If Muslim meetingplaces are crowded, and many churches are empty—well, there’s an opportunity here. And some Muslims and Christians in Canada are taking advantage of it.

In August, the empty Lincoln Road United Church in Windsor, Ont. was sold to the Masjid Noor-Ul-Islam Madressa and Cultural Centre.

In Sydney, Nova Scotia, the unused Holy Redeemer church hall was sold to a group of Muslim families as a prayer and worship centre. 

Now something similar might happen in Winnipeg, where a group of Muslims has indicated an interest in buying the former St. Giles Presbyterian Church on Burrows Avenue. (Which I wrote about earlier on this blog.) 

Some Christians might find this to be unusual, or even unacceptable. But turning sacred spaces from one religion to another is not a new phenomenon.

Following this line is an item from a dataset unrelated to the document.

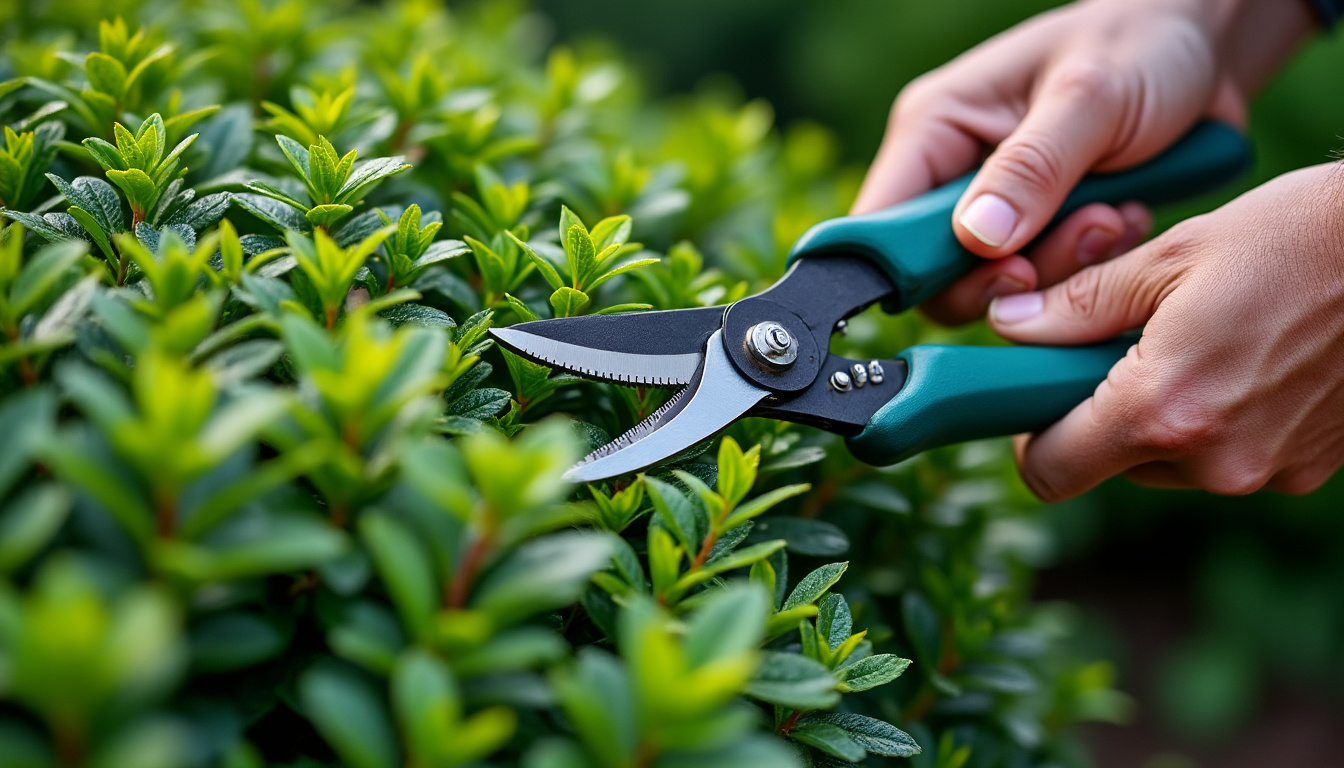 découvrez quand et comment tailler le buis en topiaire pour obtenir des formes parfaites. conseils pratiques, astuces de taille et périodes idéales pour entretenir vos buis et sublimer votre jardin.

One of the earliest conversions happened in 705 in Damascus, when a church dedicated to John the Baptist became the Grand Mosque, also known as the Umayyad Mosque.

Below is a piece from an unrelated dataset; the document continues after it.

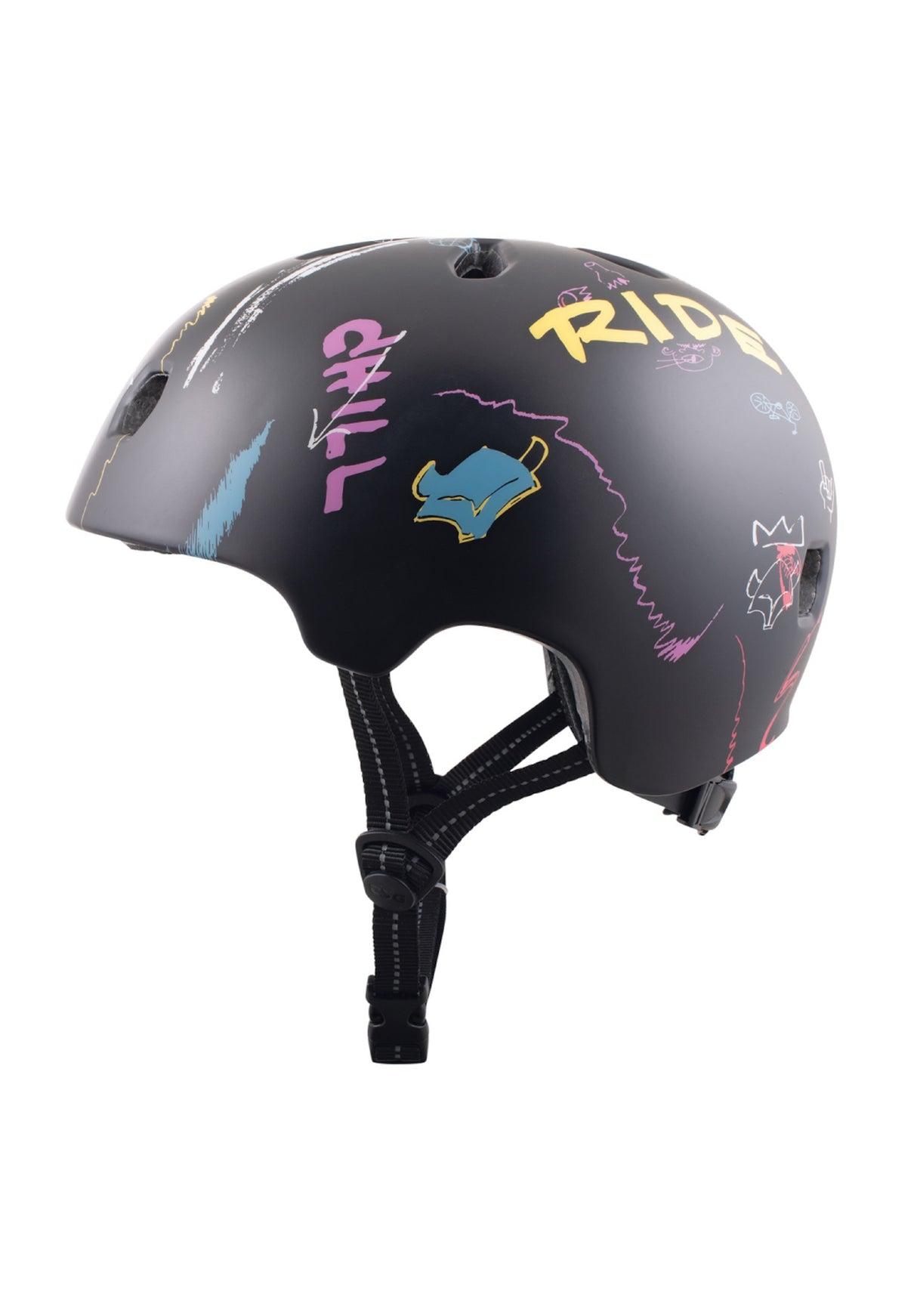 Meta Graphic Design black drip-in Closeup1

And the Hagia Sophia in present-day Istanbul had existed for about a thousand years as a church before it was converted into a mosque in 1453 following the Ottoman conquest of Constantinople.

And it isn't only Muslims who have taken over the sacred spaces of others. Christianity has a rich history in this regard, too.

In the sixth and seventh centuries, when missionaries Christianized Europe, one of the common practices was for them to convert pagan shrines. One of the earliest stories involves St. Boniface.

As recounted by Bamber Gascoigne in his book, The Christians, Boniface marched into a pagan shrine in Germany where people worshipped a massive oak tree dedicated to Thor, the god of Thunder.

 Using an axe, he cut it down, and used the wood to build a chapel to St. Peter.

That was then. Today, the conversions are going the other way as Canadian Christianity experiences a profound upheaval.

It’s a win-win situation. Not only can Muslims find new places to worship, the present owners get out from under a financial burden which might threaten to sink them.

And since many of these churches are historic, the other winner is the rest of us, and the communities we live in, as we see these buildings revitalized, repaired and repurposed instead of becoming derelict or torn down.